# [Records]

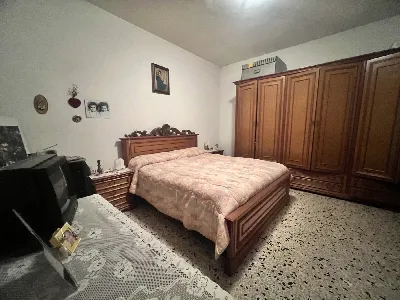 Appartamento in vendita a Gubbio - foto 8
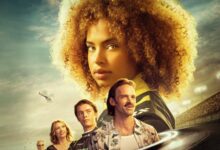 Faster (2025) netnaijaÂ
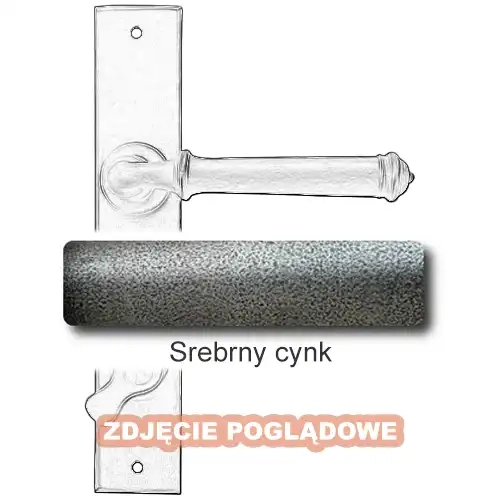 6Srebrny cynk.webp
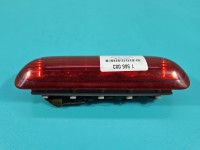 TRZECIE ŚWIATŁO STOP STOPU hyundai H1 II HB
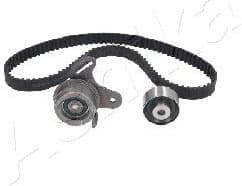 Timing Belt Kit KCTH07B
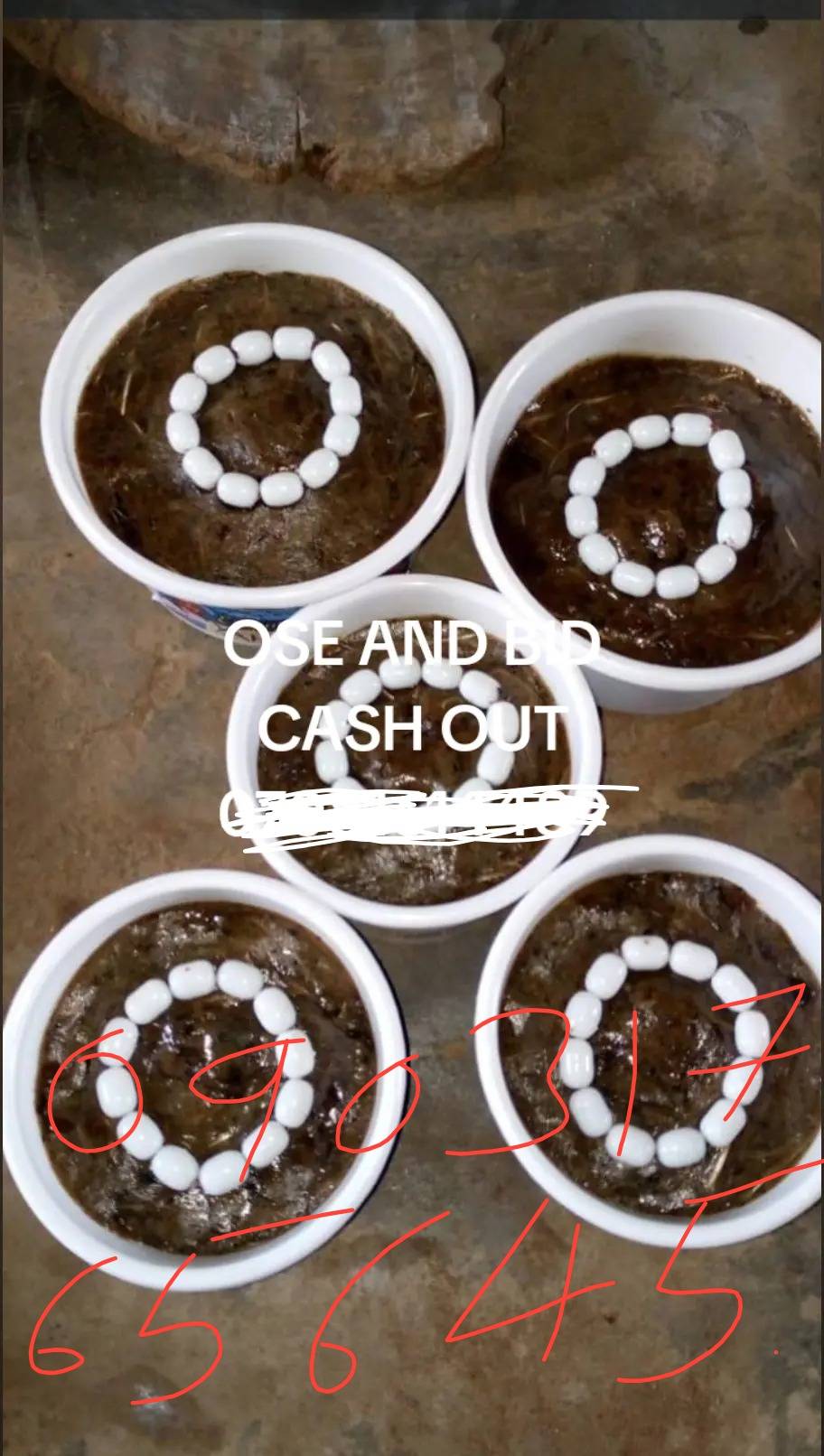 09031765645
For yahoo boy and business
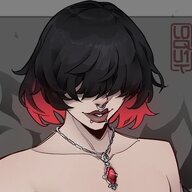 Maragidyne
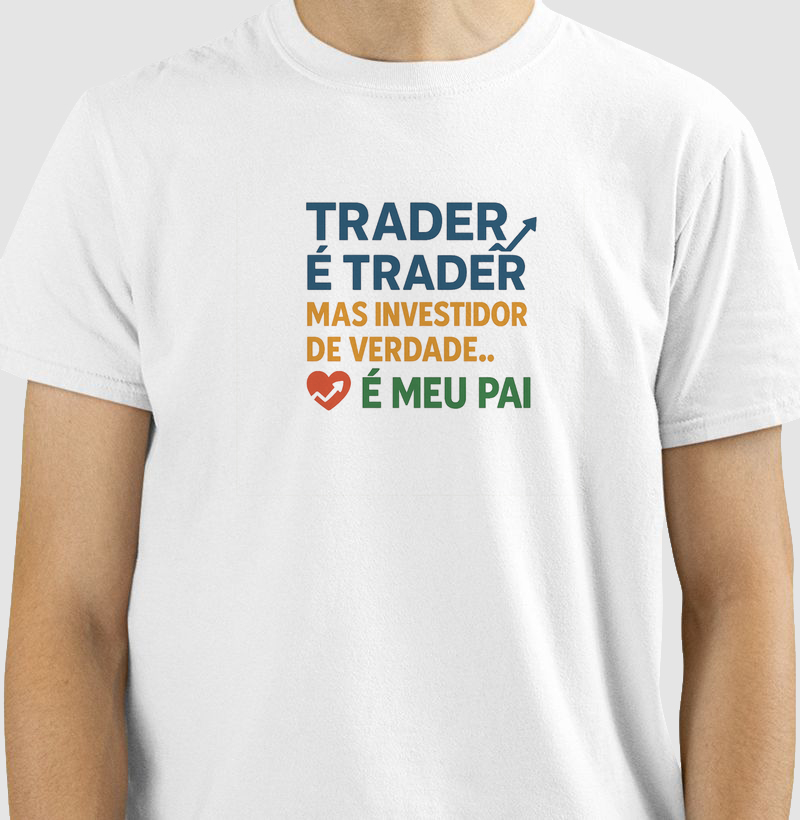 Pai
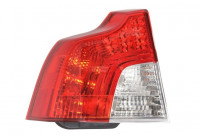 Feu arrière LLG732 Magneti Marelli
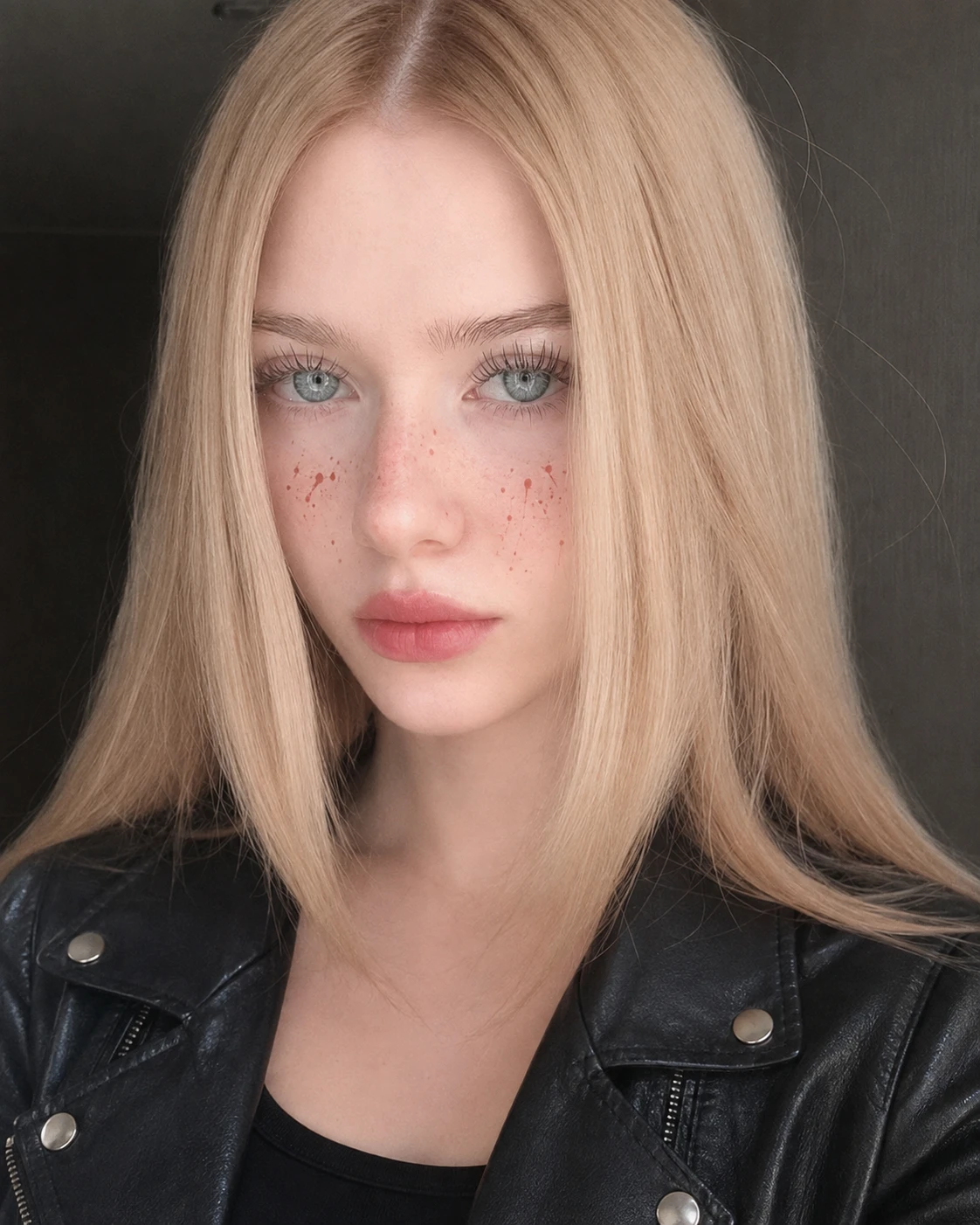 Rosa Blair thumbnail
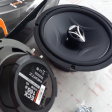 Автомобильная акустика Hertz ECX 165.5 фото 4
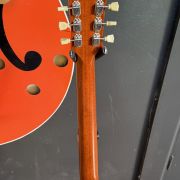 2012 Gibson Les Paul Std. LPR-7 Custom Shop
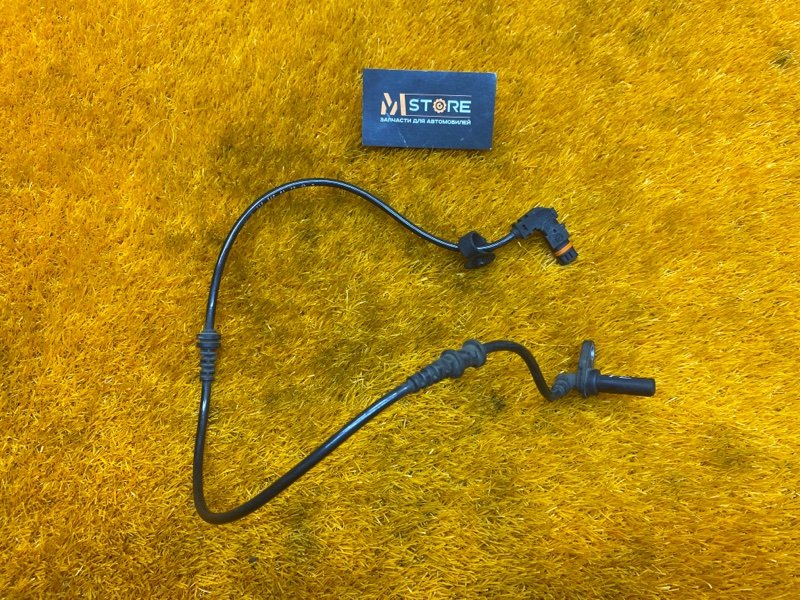 Датчик ABS, 900 рублей, Красноярск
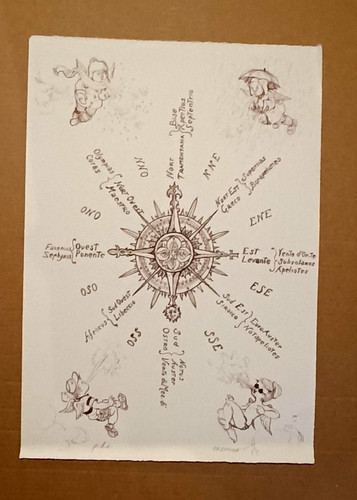 Stampa prova autore alberto - autore,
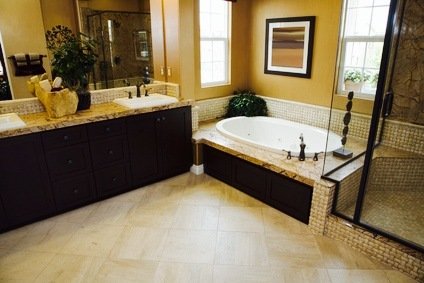  Profile Photos of Pro Contractor Services 4045 Enright Ave - Photo 1 of 3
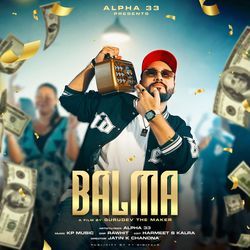 Balma-MR9ZeRJRf3c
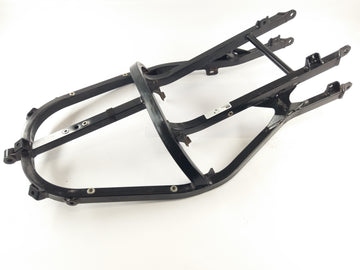 Aprilia RST 1000 Futura [2004] - Bakre ram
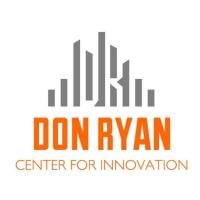 Business Pre-Start Program at the Don Ryan Center for Innovation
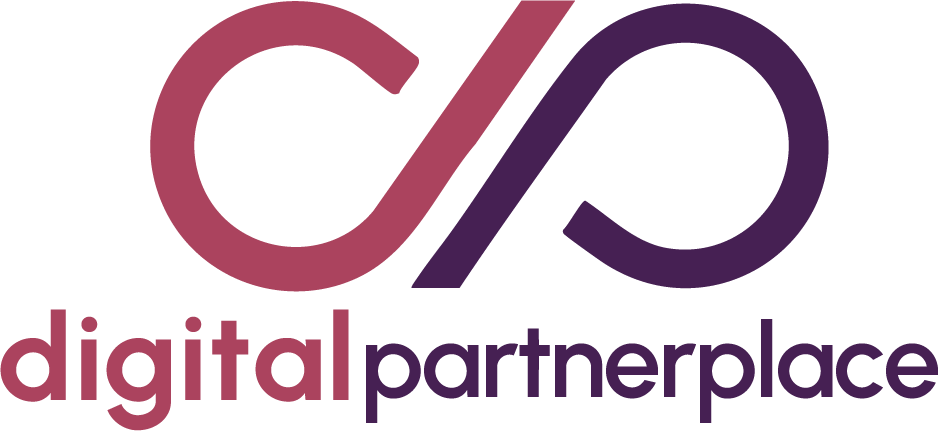 Digital Partnerplace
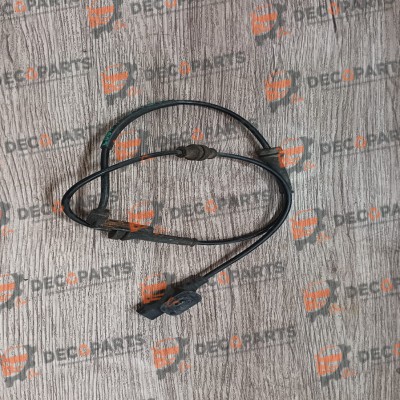 Sensor abs delantero izquierdo fiat fiorino city
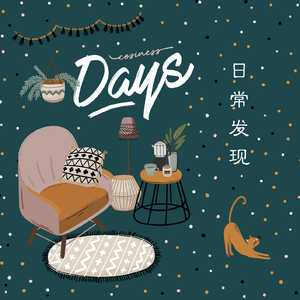 1024手机看片基地
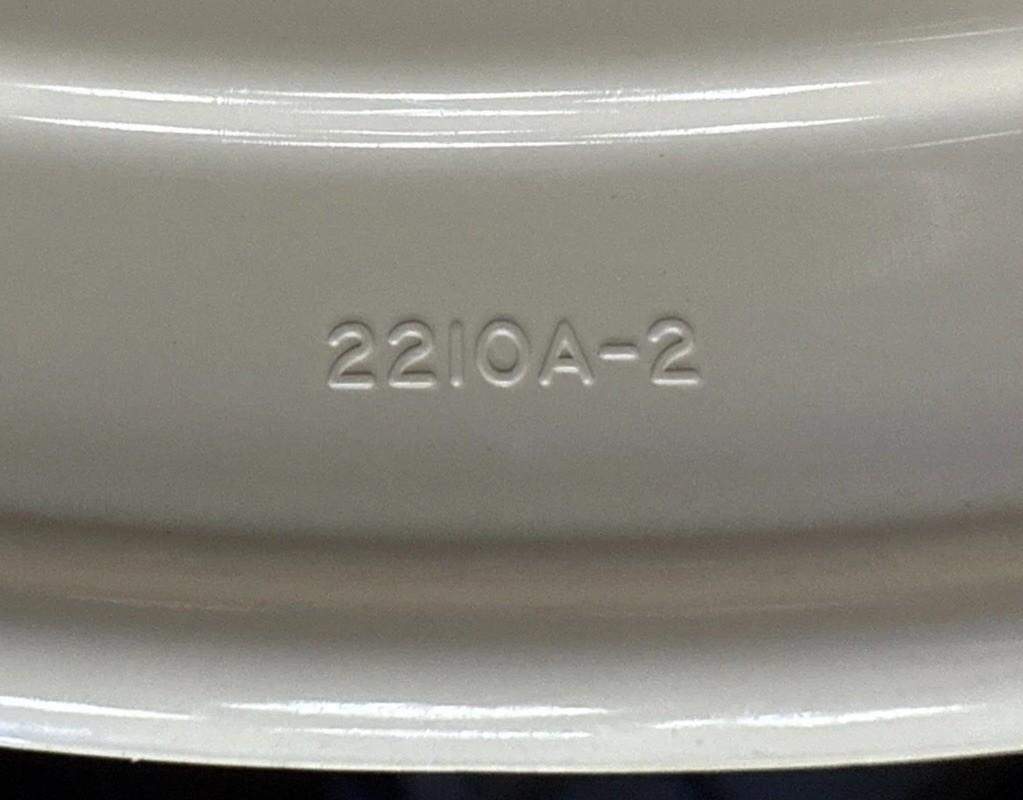 Picture 10 of 13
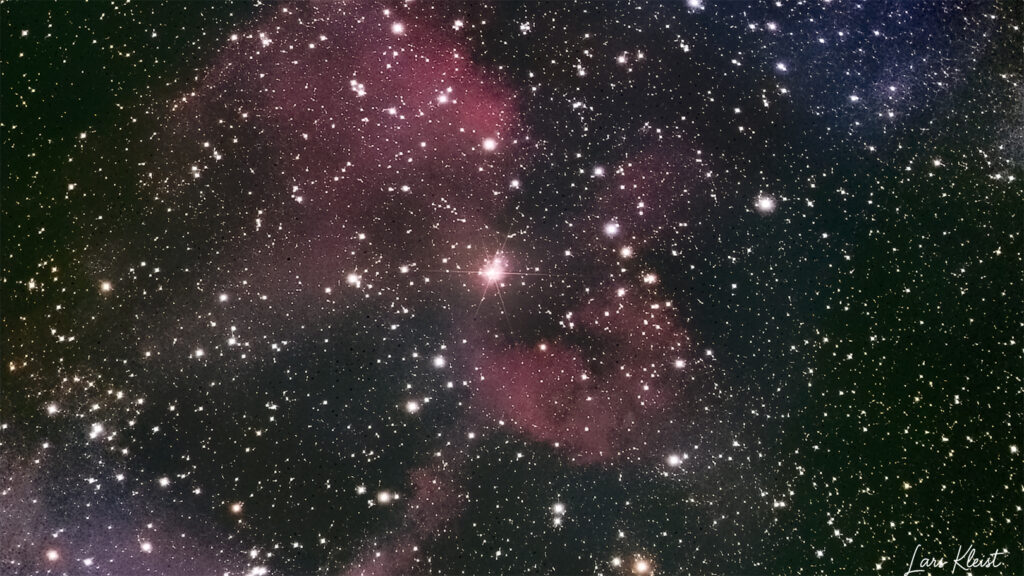 SH2-157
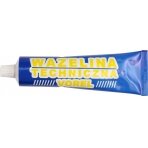 Vazelinas techninis | 100 ml (86701)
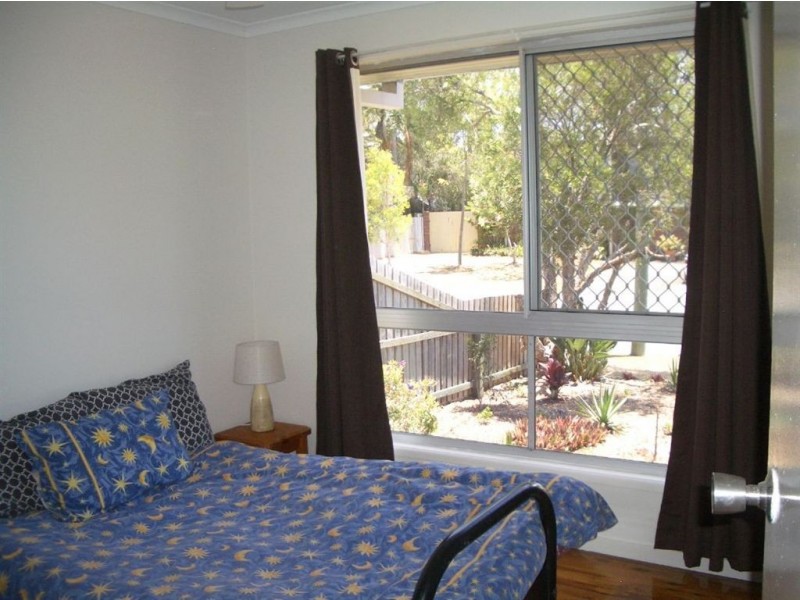 46 Leonie Street, Deception Bay QLD 4508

# [Exercise goal]
Return all of the lines above without alteration, minus the pictures.

# [Solution for this exercise]
 Appartamento in vendita a Gubbio - foto 8
 Faster (2025) netnaijaÂ
 6Srebrny cynk.webp
 TRZECIE ŚWIATŁO STOP STOPU hyundai H1 II HB
 Timing Belt Kit KCTH07B
 09031765645
For yahoo boy and business
 Maragidyne
 Pai
 Feu arrière LLG732 Magneti Marelli
 Rosa Blair thumbnail
 Автомобильная акустика Hertz ECX 165.5 фото 4
 2012 Gibson Les Paul Std. LPR-7 Custom Shop
 Датчик ABS, 900 рублей, Красноярск
 Stampa prova autore alberto - autore,
  Profile Photos of Pro Contractor Services 4045 Enright Ave - Photo 1 of 3
 Balma-MR9ZeRJRf3c
 Aprilia RST 1000 Futura [2004] - Bakre ram
 Business Pre-Start Program at the Don Ryan Center for Innovation
 Digital Partnerplace
 Sensor abs delantero izquierdo fiat fiorino city
 1024手机看片基地
 Picture 10 of 13
 SH2-157
 Vazelinas techninis | 100 ml (86701)
 46 Leonie Street, Deception Bay QLD 4508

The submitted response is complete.